Some of the best things in life are handed down to us by our mums, aren’t they?
Most of our kitchen comes from my parents and/or Justin’s. Our table and chairs came from Justin’s parents’ place in Arizona, and our butter dish was passed down from Justin’s grandmother. Pretty much all of our pots, pans, dishes and utensils were gifts from my mum and dad.
My parents even gave us their fancy espresso machine when they got a new one several years ago. Before that, we just didn’t drink coffee at home and now we have the best Americanos every morning.
We do have a few kitchen items that need replacing/refreshing as well, which is why I’ve been coveting Wayfair’s dinnerware section as of late. We’re pretty hard on our dishes in particular, and their stuff looks so gorgeous, not to mention being a perfect complement to the family heirlooms we love … but I digress.

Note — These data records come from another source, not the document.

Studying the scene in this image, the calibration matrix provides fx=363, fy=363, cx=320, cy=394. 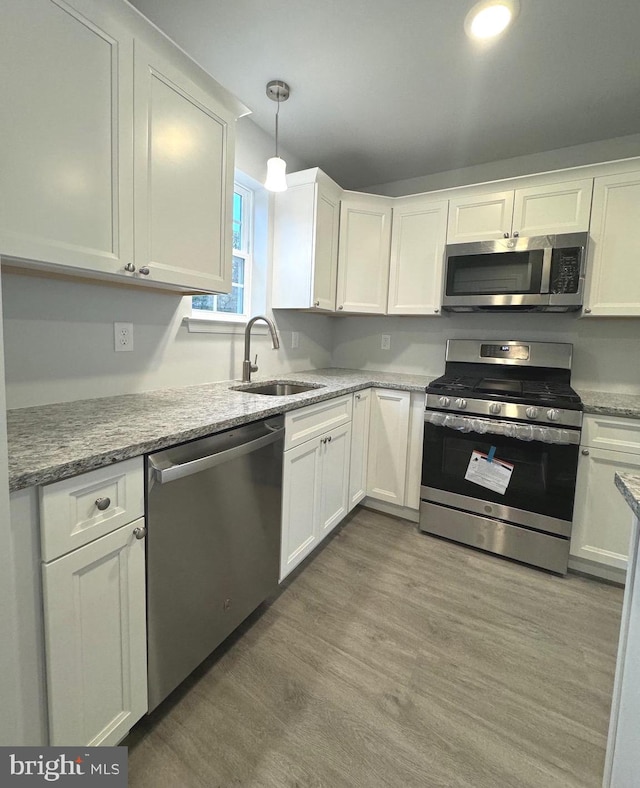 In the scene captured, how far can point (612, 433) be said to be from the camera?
188 cm

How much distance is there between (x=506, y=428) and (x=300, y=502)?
1225 mm

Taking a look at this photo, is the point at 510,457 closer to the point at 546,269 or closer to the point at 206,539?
the point at 546,269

What I actually want to say is that beyond all the material stuff (which we are so very lucky to have), what I really cherish are the memories of time in the kitchen with my mum. Memories of family gatherings, of traditions (both old and new), and of recipes.
Oh, the recipes.
Is there anything better than a family recipe handed down through generations? Even the sketchy ones that involve a jar of mayo, a can of mushroom soup and/or a bunch of questionably-flavoured Jell-O are priceless heirlooms. Sometimes it’s because they’re actually (and often inexplicably) delicious, and sometimes it’s because of the memories they evoke.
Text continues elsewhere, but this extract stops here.